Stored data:
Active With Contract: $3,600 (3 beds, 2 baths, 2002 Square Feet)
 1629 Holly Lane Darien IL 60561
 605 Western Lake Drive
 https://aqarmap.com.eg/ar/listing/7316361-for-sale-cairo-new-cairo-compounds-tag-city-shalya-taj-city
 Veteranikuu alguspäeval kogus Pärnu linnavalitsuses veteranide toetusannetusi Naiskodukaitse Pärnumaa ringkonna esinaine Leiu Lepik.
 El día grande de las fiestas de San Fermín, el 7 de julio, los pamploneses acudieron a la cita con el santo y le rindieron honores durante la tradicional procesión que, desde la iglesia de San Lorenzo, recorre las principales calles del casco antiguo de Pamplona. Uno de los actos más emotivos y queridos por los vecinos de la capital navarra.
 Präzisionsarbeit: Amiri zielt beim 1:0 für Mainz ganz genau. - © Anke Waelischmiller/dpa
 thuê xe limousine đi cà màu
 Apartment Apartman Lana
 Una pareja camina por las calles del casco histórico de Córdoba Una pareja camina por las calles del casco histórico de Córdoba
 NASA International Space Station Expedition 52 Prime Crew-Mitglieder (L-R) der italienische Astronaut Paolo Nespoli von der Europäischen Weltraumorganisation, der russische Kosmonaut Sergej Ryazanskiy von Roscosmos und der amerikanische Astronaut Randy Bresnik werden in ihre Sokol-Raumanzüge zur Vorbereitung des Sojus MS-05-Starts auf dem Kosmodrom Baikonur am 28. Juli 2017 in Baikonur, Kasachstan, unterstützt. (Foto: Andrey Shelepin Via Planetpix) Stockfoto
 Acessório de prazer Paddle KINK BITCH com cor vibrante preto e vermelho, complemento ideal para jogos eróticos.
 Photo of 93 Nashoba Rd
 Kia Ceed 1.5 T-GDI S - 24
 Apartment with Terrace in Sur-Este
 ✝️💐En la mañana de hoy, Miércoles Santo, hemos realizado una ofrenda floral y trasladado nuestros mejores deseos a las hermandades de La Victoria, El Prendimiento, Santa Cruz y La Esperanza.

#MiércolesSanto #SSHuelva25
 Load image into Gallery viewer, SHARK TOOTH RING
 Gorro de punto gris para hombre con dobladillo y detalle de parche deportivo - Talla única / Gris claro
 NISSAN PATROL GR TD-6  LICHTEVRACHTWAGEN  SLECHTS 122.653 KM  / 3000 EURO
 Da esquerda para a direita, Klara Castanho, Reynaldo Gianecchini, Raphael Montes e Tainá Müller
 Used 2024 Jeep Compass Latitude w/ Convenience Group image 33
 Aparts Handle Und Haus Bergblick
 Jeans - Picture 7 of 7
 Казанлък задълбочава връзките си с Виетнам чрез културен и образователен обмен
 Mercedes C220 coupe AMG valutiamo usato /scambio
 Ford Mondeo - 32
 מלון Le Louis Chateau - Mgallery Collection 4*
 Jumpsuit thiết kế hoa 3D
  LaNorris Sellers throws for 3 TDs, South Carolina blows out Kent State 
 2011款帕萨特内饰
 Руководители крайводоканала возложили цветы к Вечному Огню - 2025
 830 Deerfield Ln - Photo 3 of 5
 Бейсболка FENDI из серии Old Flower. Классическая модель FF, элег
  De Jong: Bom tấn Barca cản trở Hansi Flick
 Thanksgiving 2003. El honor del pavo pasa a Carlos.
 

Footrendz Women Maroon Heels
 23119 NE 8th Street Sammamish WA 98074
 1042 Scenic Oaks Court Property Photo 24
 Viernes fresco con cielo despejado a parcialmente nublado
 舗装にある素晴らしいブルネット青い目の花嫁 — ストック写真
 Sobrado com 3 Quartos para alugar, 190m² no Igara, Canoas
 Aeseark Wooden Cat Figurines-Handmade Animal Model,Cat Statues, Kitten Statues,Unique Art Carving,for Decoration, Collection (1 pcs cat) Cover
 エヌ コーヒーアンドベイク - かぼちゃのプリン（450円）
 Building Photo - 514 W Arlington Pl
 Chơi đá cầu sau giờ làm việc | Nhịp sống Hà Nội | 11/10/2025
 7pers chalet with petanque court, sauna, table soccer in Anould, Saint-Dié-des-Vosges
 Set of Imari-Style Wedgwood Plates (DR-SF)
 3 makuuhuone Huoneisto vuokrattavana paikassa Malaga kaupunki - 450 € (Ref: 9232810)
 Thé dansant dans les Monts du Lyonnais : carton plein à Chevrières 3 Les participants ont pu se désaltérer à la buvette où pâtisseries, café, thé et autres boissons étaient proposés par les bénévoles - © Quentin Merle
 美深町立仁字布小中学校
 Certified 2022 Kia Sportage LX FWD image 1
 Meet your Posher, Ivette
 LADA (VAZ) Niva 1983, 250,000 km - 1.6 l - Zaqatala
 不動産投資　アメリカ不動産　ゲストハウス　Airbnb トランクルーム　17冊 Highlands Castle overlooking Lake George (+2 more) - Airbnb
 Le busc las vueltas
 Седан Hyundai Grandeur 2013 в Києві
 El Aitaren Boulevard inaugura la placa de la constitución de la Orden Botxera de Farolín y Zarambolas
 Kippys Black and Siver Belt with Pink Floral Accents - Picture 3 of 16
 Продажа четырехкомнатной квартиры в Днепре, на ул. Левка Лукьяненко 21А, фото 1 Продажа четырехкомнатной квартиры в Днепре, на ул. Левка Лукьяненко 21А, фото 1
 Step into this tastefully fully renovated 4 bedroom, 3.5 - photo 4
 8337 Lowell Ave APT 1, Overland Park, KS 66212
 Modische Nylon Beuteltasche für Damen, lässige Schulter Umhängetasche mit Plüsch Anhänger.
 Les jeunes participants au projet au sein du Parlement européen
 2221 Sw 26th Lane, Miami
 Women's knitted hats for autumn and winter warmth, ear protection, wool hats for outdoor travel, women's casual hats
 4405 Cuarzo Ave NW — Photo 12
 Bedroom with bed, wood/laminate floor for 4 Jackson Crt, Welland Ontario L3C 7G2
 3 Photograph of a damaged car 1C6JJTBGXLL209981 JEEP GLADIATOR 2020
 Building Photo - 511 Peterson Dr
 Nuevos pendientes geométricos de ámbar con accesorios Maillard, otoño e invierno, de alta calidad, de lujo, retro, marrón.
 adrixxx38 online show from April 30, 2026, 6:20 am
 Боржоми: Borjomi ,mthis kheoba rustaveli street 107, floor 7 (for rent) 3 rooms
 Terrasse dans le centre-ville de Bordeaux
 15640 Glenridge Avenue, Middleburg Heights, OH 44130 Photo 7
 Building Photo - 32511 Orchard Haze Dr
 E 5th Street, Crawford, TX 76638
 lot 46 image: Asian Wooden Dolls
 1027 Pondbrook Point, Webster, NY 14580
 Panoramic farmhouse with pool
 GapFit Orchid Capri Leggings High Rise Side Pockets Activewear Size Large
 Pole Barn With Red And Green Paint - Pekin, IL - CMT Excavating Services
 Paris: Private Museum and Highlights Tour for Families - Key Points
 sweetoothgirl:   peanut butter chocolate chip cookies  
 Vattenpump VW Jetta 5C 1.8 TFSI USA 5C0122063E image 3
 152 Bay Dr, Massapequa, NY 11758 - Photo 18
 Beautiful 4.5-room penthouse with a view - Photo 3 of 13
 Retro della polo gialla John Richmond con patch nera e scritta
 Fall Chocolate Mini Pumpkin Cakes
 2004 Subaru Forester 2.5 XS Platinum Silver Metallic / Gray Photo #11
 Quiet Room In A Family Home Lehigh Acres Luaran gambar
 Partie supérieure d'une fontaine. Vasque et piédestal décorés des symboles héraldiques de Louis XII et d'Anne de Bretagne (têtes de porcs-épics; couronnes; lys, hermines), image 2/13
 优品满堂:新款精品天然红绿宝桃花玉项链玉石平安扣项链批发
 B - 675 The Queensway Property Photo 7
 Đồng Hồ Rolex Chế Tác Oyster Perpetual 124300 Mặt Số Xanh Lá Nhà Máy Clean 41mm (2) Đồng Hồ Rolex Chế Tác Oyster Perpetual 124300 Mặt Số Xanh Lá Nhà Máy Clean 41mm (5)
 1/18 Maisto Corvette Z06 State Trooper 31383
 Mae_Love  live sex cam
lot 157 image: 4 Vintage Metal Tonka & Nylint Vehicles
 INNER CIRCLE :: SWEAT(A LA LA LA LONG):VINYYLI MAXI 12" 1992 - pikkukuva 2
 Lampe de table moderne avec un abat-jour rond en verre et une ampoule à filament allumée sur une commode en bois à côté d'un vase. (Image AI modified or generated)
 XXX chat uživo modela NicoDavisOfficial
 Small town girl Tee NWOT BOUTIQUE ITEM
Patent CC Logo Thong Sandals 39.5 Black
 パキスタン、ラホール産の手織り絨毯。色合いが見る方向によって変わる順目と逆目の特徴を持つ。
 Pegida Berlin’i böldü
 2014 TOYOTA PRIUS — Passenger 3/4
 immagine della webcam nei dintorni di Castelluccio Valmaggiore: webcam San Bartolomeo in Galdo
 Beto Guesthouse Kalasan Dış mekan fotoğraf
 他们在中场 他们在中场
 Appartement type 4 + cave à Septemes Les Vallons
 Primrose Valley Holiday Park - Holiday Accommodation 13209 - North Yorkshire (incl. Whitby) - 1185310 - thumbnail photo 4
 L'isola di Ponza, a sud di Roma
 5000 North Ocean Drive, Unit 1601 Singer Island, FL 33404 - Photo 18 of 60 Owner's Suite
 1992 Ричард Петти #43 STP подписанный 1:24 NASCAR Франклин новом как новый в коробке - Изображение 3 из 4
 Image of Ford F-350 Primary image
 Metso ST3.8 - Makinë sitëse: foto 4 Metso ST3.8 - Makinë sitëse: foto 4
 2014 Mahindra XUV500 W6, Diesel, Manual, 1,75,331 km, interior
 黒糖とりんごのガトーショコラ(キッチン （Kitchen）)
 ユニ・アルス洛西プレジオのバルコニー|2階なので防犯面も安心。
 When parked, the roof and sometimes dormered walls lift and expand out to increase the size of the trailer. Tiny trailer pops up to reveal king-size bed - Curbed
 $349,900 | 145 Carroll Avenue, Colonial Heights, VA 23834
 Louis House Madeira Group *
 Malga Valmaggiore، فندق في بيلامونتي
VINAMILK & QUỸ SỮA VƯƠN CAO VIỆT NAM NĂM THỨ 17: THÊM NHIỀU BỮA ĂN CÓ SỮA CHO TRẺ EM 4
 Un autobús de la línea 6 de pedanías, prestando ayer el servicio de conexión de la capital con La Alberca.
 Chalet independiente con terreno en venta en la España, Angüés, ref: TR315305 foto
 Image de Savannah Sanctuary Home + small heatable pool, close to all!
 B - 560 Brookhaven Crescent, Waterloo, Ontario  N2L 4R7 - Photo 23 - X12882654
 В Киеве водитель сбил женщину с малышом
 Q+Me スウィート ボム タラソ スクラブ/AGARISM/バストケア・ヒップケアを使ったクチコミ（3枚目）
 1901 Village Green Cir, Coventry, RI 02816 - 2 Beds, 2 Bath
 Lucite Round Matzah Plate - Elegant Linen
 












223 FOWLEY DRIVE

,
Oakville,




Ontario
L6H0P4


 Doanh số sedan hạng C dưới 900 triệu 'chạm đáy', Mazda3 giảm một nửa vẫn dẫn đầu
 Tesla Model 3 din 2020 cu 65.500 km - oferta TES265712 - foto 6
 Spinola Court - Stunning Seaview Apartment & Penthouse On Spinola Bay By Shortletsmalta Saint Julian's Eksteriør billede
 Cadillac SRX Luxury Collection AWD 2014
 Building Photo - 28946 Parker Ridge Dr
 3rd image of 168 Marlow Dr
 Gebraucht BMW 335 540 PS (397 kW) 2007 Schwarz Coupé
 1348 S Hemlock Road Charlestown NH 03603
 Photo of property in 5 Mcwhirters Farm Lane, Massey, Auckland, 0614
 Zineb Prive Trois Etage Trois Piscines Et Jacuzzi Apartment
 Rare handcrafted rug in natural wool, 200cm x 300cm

TASK INSTRUCTIONS:
Show every line in the entries above that contains the string "Avenue".

EXERCISE OUTPUT:
 15640 Glenridge Avenue, Middleburg Heights, OH 44130 Photo 7
 $349,900 | 145 Carroll Avenue, Colonial Heights, VA 23834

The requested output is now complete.